When the bell rang, I meant to make a quick escape, but Edward caught my arm and held me back. I almost dropped Edella. "Hey!" I said.

"Why won't you tell me what's going on?" He asked in an angry voice.

"Because, nothing is going on. Go back to your life and let me live mine. Just stop hurting me. This was exactly what I had wanted to avoid, and you make it so hard! Just let go! I need to get to class," I said. His grip slackened and I walked off. When I was halfway down the hall, I looked back. He was on his way to the Spanish classroom, which was the way I was going. I stopped at my locker and looked at him. His face betrayed nothing, but his eyes showed hurt and confusion. I turned back and got my homework and bag, plus a little notebook to write in. I was closing my locker when a someone tapped me on the shoulder. I turned.

"What do you want?" I asked.

"I just want to let you know I got sick. I wasn't feeling well, and I know I should have called, but Alice told me she would, and I fell asleep---" The bell rang.

"Great, you made me late for class! Goodbye, Edward!" I ran to the Gym with Edella in my arms and left him standing there. Nothing could make me feel worse.

I felt horrible for what I had done. I was not only hurting myself with my decision, but Edward too. It was a bad way all around.

I made it to Gym when some girls were still changing. My luck. Poeple were staring because of the doll in my arms. Again, my luck. So I ignored it and went outside and sat on the bleachers, only to find Alice wasn't there. She was in her normal clothes talking to Coach Clapp. I wondered what that was about.

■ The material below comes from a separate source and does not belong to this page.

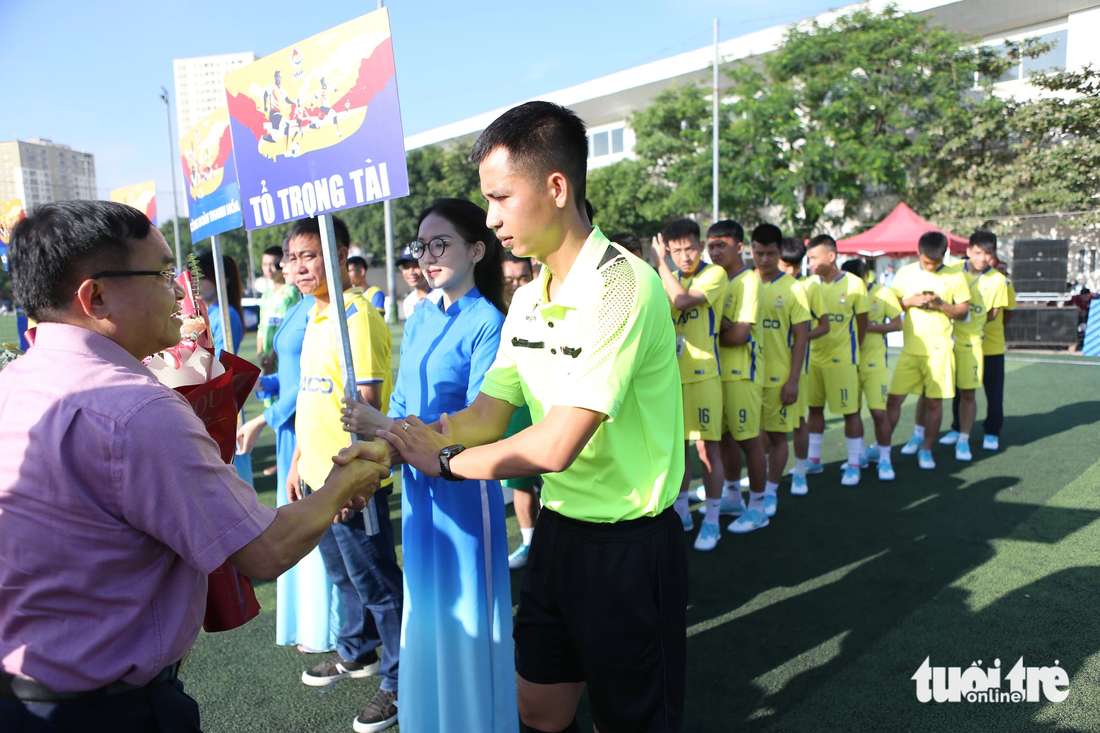 Ông Ngọc Kim Nam - trưởng Ban Dân vận tỉnh ủy Nghệ An - tặng hoa chúc mừng các đội bóng, tổ trọng tài - Ảnh: HOÀNG TÙNG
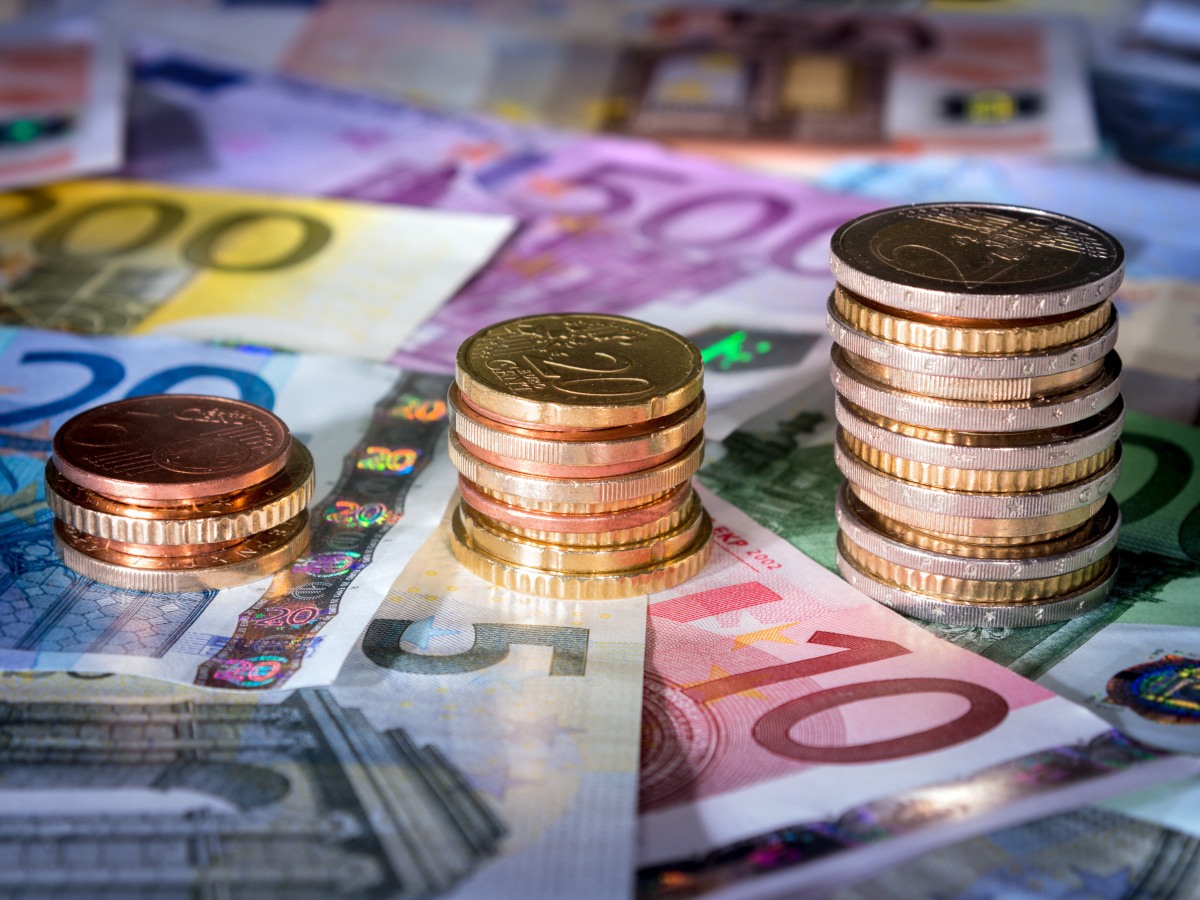 Euros stacked on top of European bank notes, for various amounts.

I sat and started on my homework, only to find I didn't have any, except write a five page story that was appropriate. I got my notebook of ideas and went through them. (Author's Note: These are my actual ideas. Tell me what you think.)

There was that one where the girl is a teenage novelist, and she meets a boy and falls for him, and she writes a book in diary format and publishes it, even writing his name. Or the one where the boy bets he can get the lonely girl to go with him to the dance. Or that one where the girl sees the boy that one time and thinks it's a once in a lifetime thing, but then he goes to her school to try and win her heart. Or the one when--- wait, why is Alice holding a bat?!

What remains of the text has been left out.